DINETTE 尾崎美紀氏「DMに返信するのもブランディング」 SpartyやPETOKOTOも競演【「D2Cフォーラム」ダイジェスト<第7回>】

D2Cの会に登壇したDINETTEの尾崎美紀氏


通販・D2Cのコンサルティングを手掛ける、売れるネット広告社はこのほど、(公社)日本マーケティング協会と共同で、「D2Cの会 フォーラム2022」を開催した。オルビスや北の達人コーポレーションなど、通販・D2Cを運営する企業の、社長や担当者が多数登壇した。本連載では、フォーラムで開催された講座のハイライトを紹介する。5つ目のセッションでは、電通九州の久米慶紀氏がモデレーターとなり、化粧品ECのDINETTE(ディネット)の尾崎美紀氏、パーソナライズシャンプー「MEDULLA(メデュラ)」を運営するSpartyの深山陽介氏、ペットフードのD2Cを運営するPETOKOTOの大久保泰介氏に売り上げをアップするブランディングについて聞いた。



新理論を作る


久米:パーソナライズのヘアケアやスキンケア、サプリメントを展開するSparty(スパーティー)の深山氏からブランディングの考え方について聞きたい。

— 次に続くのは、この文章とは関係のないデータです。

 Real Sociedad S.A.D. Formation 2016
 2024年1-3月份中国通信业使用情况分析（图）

深山:費用対効果などを考えると、本当にブランディングが必要なのだろうかという思いがある。しかし、老舗の通販企業が多い市場で、われわれのような新興企業は、やはりブランディングをしなければ勝負はできない。

顧客に対しては、「即時記憶」「フレーム・オブ・レファレンス」「期待値調整」「ルールの浸透」「破壊/報酬トリガー」「承認トリガー」という順で、ブランディングする必要があると考えている。例えば「即時記憶」においては、五感に訴える動画映えが必要になる。

とくに「色」は、顧客が食いつくポイントだ。「売り切れ感」や「行列感」で注目を集めることも必要だ。

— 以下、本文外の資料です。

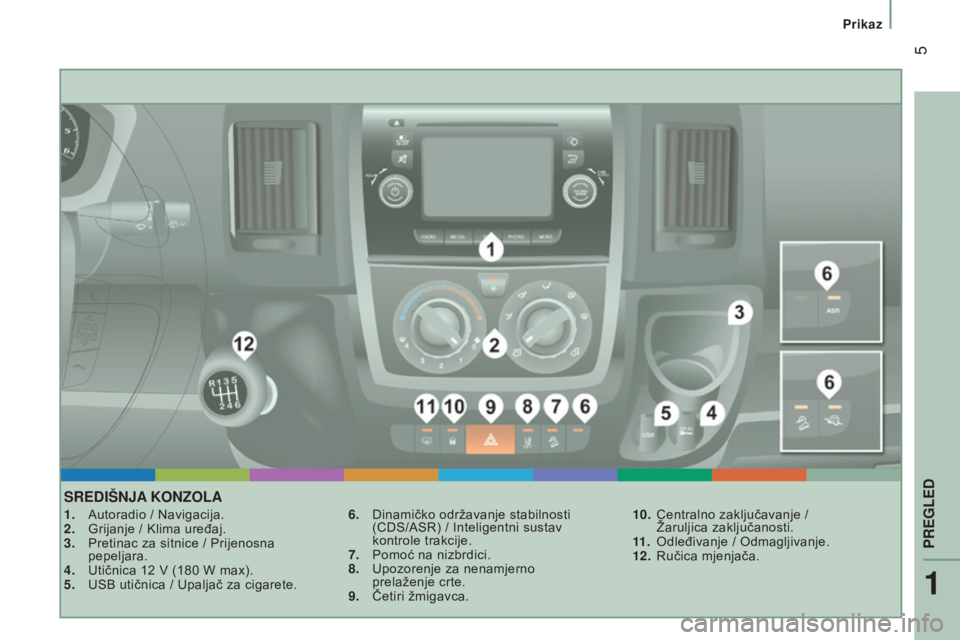 CITROEN JUMPER 2016 Upute Za Rukovanje (in Croatian) 5
jumper_hr_Chap01_vue-ensemble_ed01-2015
SREdIšNJA K o NZ o LA
1. Autoradio / Navigacija.
2. Grijanje / Klima uređaj.
3.
Pretinac za sitnice / Prijenosna
pepeljara.
4.
Utičnica 12
V (1 CITROEN JUMPER 2016 Upute Za Rukovanje (in Croatian) 5
jumper_hr_Chap01_vue-ensemble_ed01-2015
SREdIšNJA K o NZ o LA
1. Autoradio / Navigacija.
2. Grijanje / Klima uređaj.
3.
Pretinac za sitnice / Prijenosna
pepeljara.
4.
Utičnica 12
V (1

当社であれば、既存の当たり前の理論ではなく、パーソナライズの新しい美容理論をいかに作ることができるか、「フレーム」をいかにずらせるかが重要な点だ。

もちろん、これだけでなく、「商品を何カ月使い続けることが大切ですよ」といった「期待値調整」、さらに「○○日までしか配送スキップできません」といった「独自のルール」作り、そしてご褒美を提供する。この繰り返しによって、ブランドのファンを作り、最終的には顧客がブランドのために何か貢献したいと思うまで、いかにして持っていくかが必要ではないだろうか。


1to1に注力


久米:
次に、コスメブランド『フィービービューティーアップ』を展開しているディネットの尾崎氏に、ブランディングについて聞きたい。

尾崎:ブランドをどのようにして大きくしていくかを考えたとき、PtoCのような形や、コアなブランド信者の影響力で、コミュニティーをいかに作っていけるかが重要だと考えている。当社は美容メディアからスタートした。

私自身がインスタライブを配信し、ユーザーにメディアを信じてもらうことでブランドを確立していった。最近では、某番組に私が出演した後、私自身がブランドの顔となって1to1の発信に注力している。

番組で商品に興味を持ってくれた顧客に向けて、SNSで商品説明やクーポン配布などをしっかり行っている。「ブランドの中の人が見える」という点で、他社との差別化になっていると考えている。

久米:SNSのDMも活用しているか。

尾崎:ブランドだけでなく、私自身のアカウントに届く多くのDMに対しても、きちんと返信をしている。商品に対する感想や改善点などを聞き、商品改良に生かすことができるため、F2・F3転換率も高くなっている。現在は、こういったファンコミュニティーに注力している。

久米:人気商品のまつ毛美容液の施策についても聞きたい。

尾崎:ブランドが発信したいことを広めていくためには、顧客をいかに巻き込んでいくかだと考えている。まつ毛美容液は当社の主力商品だが、育毛状態についてはなかなか実感することが難しい。そこで、目に当てればまつ毛の変化が分かる「winkカード」を同梱した。

こういった施策に興味を持ってくれれば、自分の体験を顧客自身がSNSで発信してくれる。それが、新規顧客につながるというスパイラルも起きている。